**Extracted data**
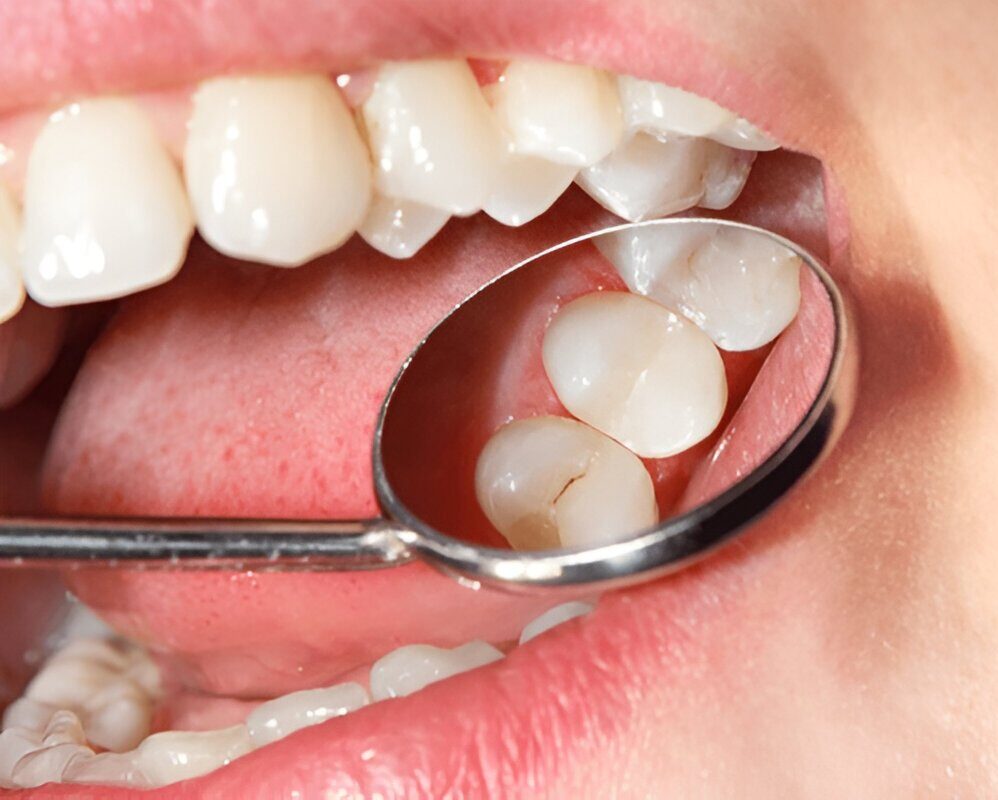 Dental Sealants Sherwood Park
* * *
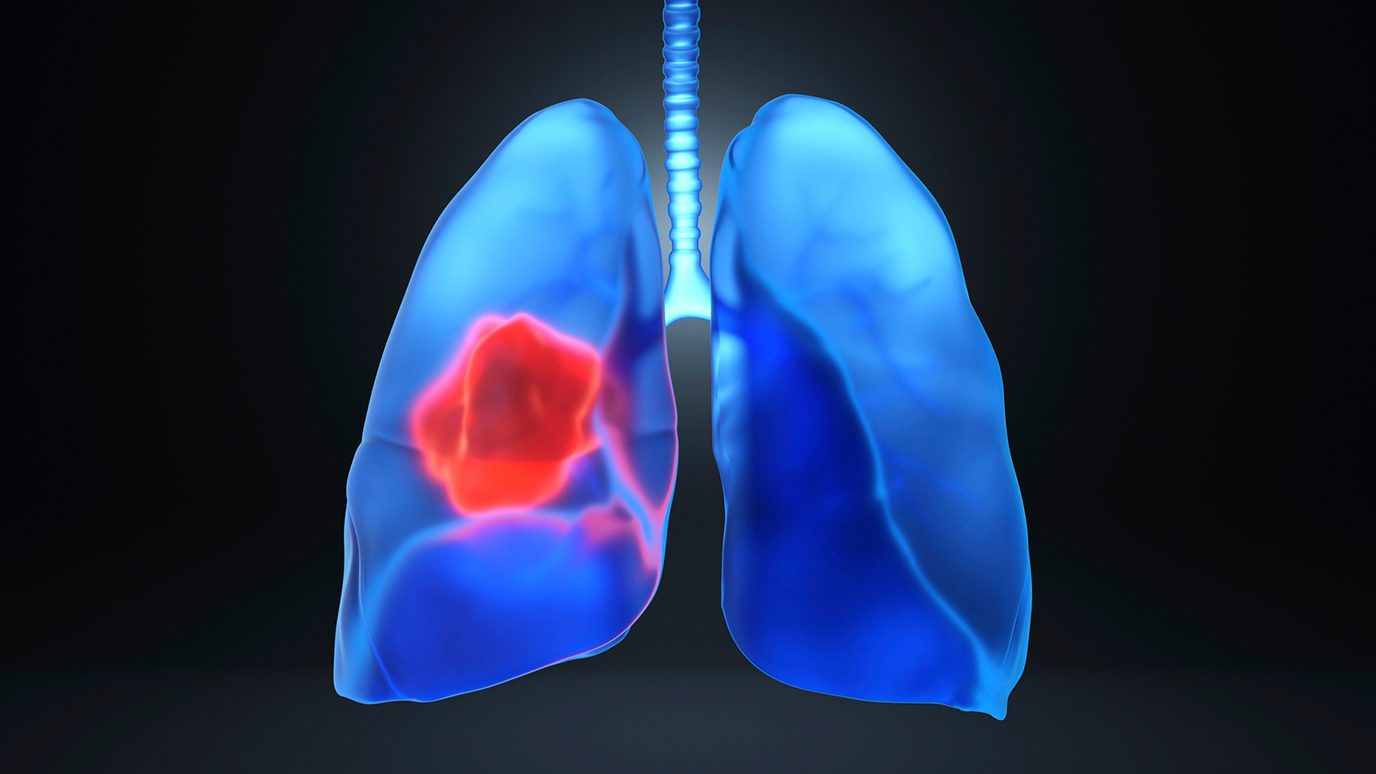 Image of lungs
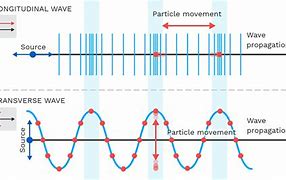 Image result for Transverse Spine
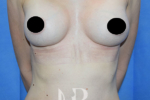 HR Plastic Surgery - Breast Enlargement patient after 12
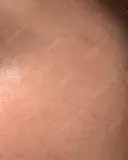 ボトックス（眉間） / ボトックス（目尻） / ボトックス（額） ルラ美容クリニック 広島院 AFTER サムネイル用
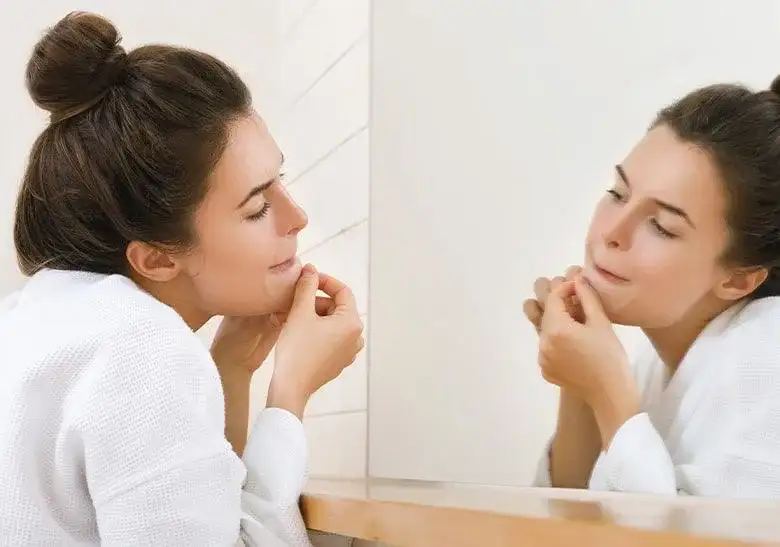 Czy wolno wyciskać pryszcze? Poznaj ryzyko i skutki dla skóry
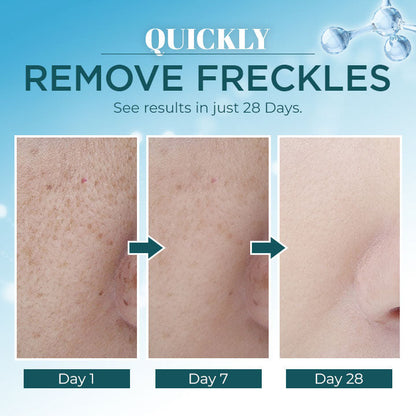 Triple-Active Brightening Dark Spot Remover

**Exercise instructions**
The answer is the lines of the material above, from the one containing "HR Plastic Surgery" down to the one containing "Triple-Active Brightening Dark Spot Remover", given exactly and without images.

**Result below**
 HR Plastic Surgery - Breast Enlargement patient after 12
 ボトックス（眉間） / ボトックス（目尻） / ボトックス（額） ルラ美容クリニック 広島院 AFTER サムネイル用
 Czy wolno wyciskać pryszcze? Poznaj ryzyko i skutki dla skóry
 Triple-Active Brightening Dark Spot Remover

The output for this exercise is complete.